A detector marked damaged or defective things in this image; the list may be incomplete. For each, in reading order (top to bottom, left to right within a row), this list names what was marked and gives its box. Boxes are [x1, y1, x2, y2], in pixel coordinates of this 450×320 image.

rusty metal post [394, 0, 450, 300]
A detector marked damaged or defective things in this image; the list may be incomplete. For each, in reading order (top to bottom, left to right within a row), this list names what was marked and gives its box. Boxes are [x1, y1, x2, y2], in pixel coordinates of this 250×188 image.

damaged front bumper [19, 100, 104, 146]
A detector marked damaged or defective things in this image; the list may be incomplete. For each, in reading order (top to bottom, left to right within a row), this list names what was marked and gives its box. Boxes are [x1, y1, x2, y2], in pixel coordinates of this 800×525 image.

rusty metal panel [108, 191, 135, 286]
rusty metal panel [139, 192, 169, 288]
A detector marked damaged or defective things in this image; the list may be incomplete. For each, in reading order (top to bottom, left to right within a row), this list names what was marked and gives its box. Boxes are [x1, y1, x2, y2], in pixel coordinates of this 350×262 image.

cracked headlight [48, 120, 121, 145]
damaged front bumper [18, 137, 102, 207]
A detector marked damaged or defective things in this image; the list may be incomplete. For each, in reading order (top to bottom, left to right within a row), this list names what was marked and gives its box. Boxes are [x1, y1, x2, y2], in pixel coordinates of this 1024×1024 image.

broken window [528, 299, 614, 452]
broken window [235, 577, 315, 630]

_ _ _ _ _

__Problem__
Please repeat the entries above exactly as they read.

__Exercise result__
A detector marked damaged or defective things in this image; the list may be incomplete. For each, in reading order (top to bottom, left to right within a row), this list names what was marked and gives its box. Boxes are [x1, y1, x2, y2], in pixel coordinates of this 450×320 image.

rusty metal post [394, 0, 450, 300]
A detector marked damaged or defective things in this image; the list may be incomplete. For each, in reading order (top to bottom, left to right within a row), this list names what was marked and gives its box. Boxes are [x1, y1, x2, y2], in pixel coordinates of this 250×188 image.

damaged front bumper [19, 100, 104, 146]
A detector marked damaged or defective things in this image; the list may be incomplete. For each, in reading order (top to bottom, left to right within a row), this list names what was marked and gives its box. Boxes are [x1, y1, x2, y2], in pixel coordinates of this 800×525 image.

rusty metal panel [108, 191, 135, 286]
rusty metal panel [139, 192, 169, 288]
A detector marked damaged or defective things in this image; the list may be incomplete. For each, in reading order (top to bottom, left to right within a row), this list names what was marked and gives its box. Boxes are [x1, y1, x2, y2], in pixel coordinates of this 350×262 image.

cracked headlight [48, 120, 121, 145]
damaged front bumper [18, 137, 102, 207]
A detector marked damaged or defective things in this image; the list may be incomplete. For each, in reading order (top to bottom, left to right within a row), this list names what was marked and gives its box. Boxes are [x1, y1, x2, y2], in pixel coordinates of this 1024×1024 image.

broken window [528, 299, 614, 452]
broken window [235, 577, 315, 630]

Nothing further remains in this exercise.